No announcement yet.

Detecting which router is handling WAN traffic

  • Filter
  • Time
  • Show
Clear All
new posts

  • Detecting which router is handling WAN traffic

    For the purpose of minimizing the impact of an internet service outage (a too-often occurrence), a small business has internet accounts with two different service providers and runs a separate modem/router for each. Each router connects to the one firewall box, and the firewall box connects to the server.

    In case one of the internet services goes out, the server is (usually) able to access the internet through the other router...

    As best I can tell, the primary router has a static IP address, and the backup/alternative is on DHCP. I'm not sure why this was done this way or its technical significance, but I do know that as a user, I can ask to report the IP it sees from the requesting program. And I know that depending on which router passed the request, I can get the one static IP address, or one of several others.

    I also know that most of the business software continues to run without trouble even if the server switches from one router to the other; BUT two critical software programs seem to just stop working after such a switch. So in troubleshooting, it is important to know if a router switch has taken place so that it can be handled, or can be eliminated (and then the next possible cause examined).

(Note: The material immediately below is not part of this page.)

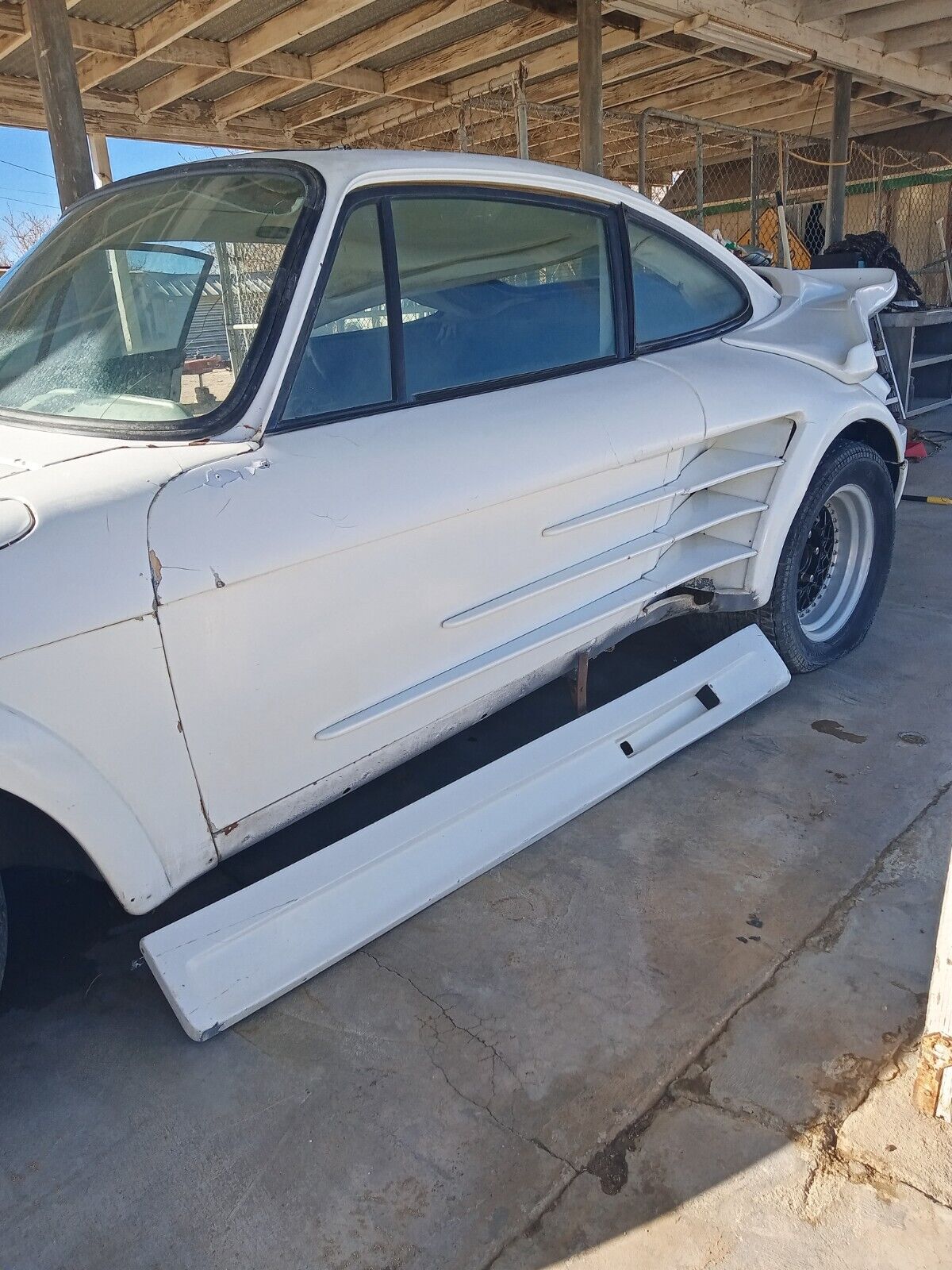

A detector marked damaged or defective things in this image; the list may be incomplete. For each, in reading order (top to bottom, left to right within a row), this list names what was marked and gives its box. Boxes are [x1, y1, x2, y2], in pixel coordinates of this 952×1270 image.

    SOooo: The goal is to create a small PB utility that will interrogate either or both of the routers to see which one is handling the traffic from the server to the internet.

    While I am reasonably sure this task is possible, I do not know if it makes sense to do this using an external call to a service like or using a more direct API call... (I wouldn't even know which API call to try.)

    So, any guidance and/or direction would be appreciated! Where should I start looking for info on this topic?


  • #2
    TraceRoute to something out on the net. Does not have to be far. Windows version is called tracert, and when run manually is from Command Prompt. When called from a PB program redirect tracert's output to STDIN.

    I would usually think there is a third router using a protocol like "Open Shortest Path First". But in this case I don't. The 1st or 2nd IPs reported by tracert should be one of the two on site routers depending what is plugged into what.


    Last edited by Dale Yarker; 19 Apr 2017, 05:43 PM.


    • #3
      Thanks Dale,

      I've been playing with TraceRt, but it returns IPs that I know are not correct... probably another piece of equipment in the chain that I haven't identified (eg, firewall box?)...

      I'm learning that there are many ways for this information to be obscured or difficult to recognize, let alone verify.

      In fact, at this early stage of my reading, it would seem that the most reliable method would be to send a page request to a known server and parse the results - that my router's external IP address is embedded somewhere in the data returned. I'm not sure yet if this is true, so that's my next avenue of exploration.

      I will continue to experiment, and will post my findings when I am sure I have something reliable.

      Thanks for the suggestion!



      • #4
        ...but it returns IPs that I know are not correct...
        not what you think you want, but not incorrect either. You're seeing the LAN side IP of a MODEM/Router, then the IP of the ISP's router. Not the IP on the WAN side of the MODEM/Router The LAN side of the two MODEM/Routers will be defferent from each other, but on the same network. Maybe something like 192.168.x.y and 192.168.x.z Which path is carrying the data can be determined. If LAN and ISP are using 10.?.?.? IPs, the the netmasks are needed to help figure it out. And a block diagram of which hardware connected to which would be a BIG help.



        • #5
          Thanks for the further explanation Dale, that confirms what I've been theorizing.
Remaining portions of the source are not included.